**YOUR TASK:**
Your job is to retype all of the data word for word, leaving every image out.

**SUPPLIED DATA:**

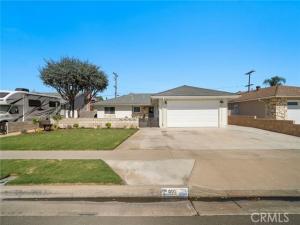 MLS #OC26226983 image #0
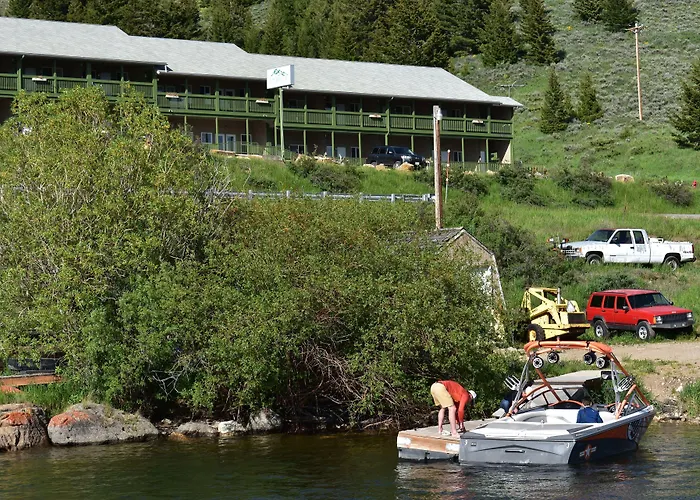 Lake View Suites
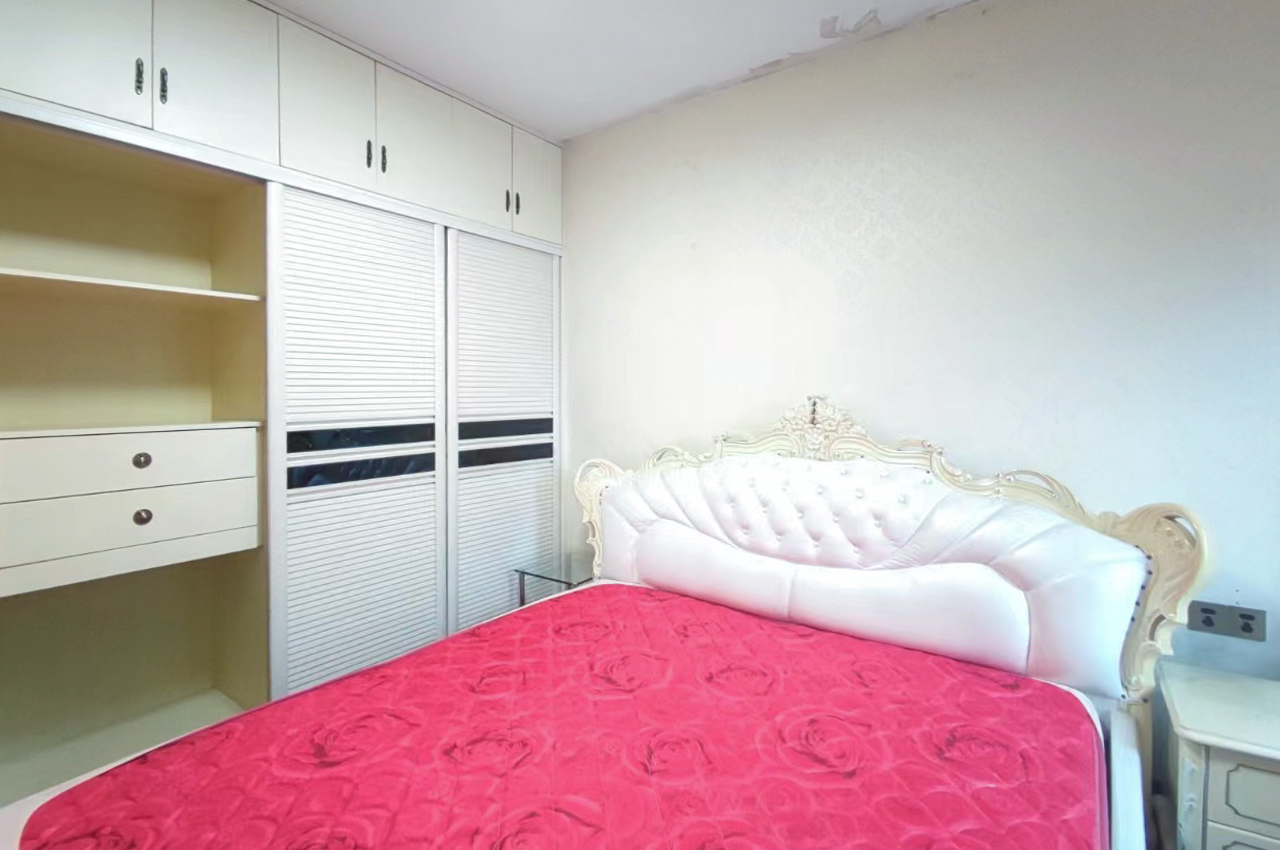 高鑫麓城  2室2厅1卫    87.0万 高鑫麓城  2室2厅1卫    87.0万卧室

**EXERCISE RESPONSE:**
 MLS #OC26226983 image #0
 Lake View Suites
 高鑫麓城  2室2厅1卫    87.0万 高鑫麓城  2室2厅1卫    87.0万卧室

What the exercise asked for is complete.